22But the people that followed Omri prevailed against the people that followed Tibni the son of Ginath: so Tibni died, and Omri reigned.
1 Kings 16:8-22

Biblical Context

Zimri kills Elah and destroys Baasha's house, paving Omri's rise. Israel's split and Omri's eventual reign show a pattern of judgment tied to the people’s sins.

Neville's Inner Vision

All the names in the text stand for states of consciousness within you. Elah, Baasha, Zimri, Omri are inner dispositions contending for the throne of your awareness. Tirzah is that place in your mind where a belief sits and drinks of habit; the king’s house is the old identity you defend. Zimri’s coup is the mind’s sudden impulse to terminate an old pattern, even burning the palace of its old self. The LORD’s word spoken by Jehu the prophet is the inner law your awareness enforces when you refuse vanity. The destruction of Baasha's house signals that you can erase inherited fear-temperaments by abandoning the old sin-patterns.
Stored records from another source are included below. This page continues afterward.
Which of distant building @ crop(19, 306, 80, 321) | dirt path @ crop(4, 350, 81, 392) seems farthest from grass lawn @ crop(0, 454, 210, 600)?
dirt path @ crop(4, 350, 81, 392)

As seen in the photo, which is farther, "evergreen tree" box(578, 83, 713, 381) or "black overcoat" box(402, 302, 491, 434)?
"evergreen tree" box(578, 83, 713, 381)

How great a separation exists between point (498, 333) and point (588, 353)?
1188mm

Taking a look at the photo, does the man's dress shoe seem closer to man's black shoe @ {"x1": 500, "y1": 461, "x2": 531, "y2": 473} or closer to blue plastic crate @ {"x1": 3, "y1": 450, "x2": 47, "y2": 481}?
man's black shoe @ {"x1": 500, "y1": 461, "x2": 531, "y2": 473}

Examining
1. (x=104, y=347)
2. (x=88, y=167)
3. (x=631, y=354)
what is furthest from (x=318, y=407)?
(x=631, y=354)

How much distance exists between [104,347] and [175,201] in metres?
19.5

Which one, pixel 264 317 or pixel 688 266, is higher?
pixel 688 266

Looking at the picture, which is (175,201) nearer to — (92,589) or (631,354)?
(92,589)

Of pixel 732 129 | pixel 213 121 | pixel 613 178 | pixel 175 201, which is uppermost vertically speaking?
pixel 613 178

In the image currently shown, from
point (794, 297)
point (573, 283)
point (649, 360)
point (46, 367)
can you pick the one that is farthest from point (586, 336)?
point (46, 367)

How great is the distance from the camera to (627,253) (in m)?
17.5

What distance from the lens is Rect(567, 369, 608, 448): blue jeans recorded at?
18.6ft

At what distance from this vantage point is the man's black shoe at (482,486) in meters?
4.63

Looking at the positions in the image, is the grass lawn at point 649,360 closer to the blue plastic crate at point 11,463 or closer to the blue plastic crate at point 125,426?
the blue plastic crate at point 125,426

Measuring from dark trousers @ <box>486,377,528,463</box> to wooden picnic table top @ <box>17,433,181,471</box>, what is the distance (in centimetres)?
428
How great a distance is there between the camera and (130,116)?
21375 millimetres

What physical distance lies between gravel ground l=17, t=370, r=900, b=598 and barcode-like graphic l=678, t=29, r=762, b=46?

Omri's rise represents a new order of disciplined thought, a crown of stable decision. Israel's division mirrors the split in thought between two beliefs; yet Omri's reign shows that a higher inner arrangement can prevail when you align with I AM. So the outer history echoes your inner history: imagine and inhabit the reign you desire, and the world follows.

Practice This Now

Imaginative act: Assume you are Omri, ruler of your inner kingdom now. Revise the old fear pattern into wholeness and feel the I AM reign.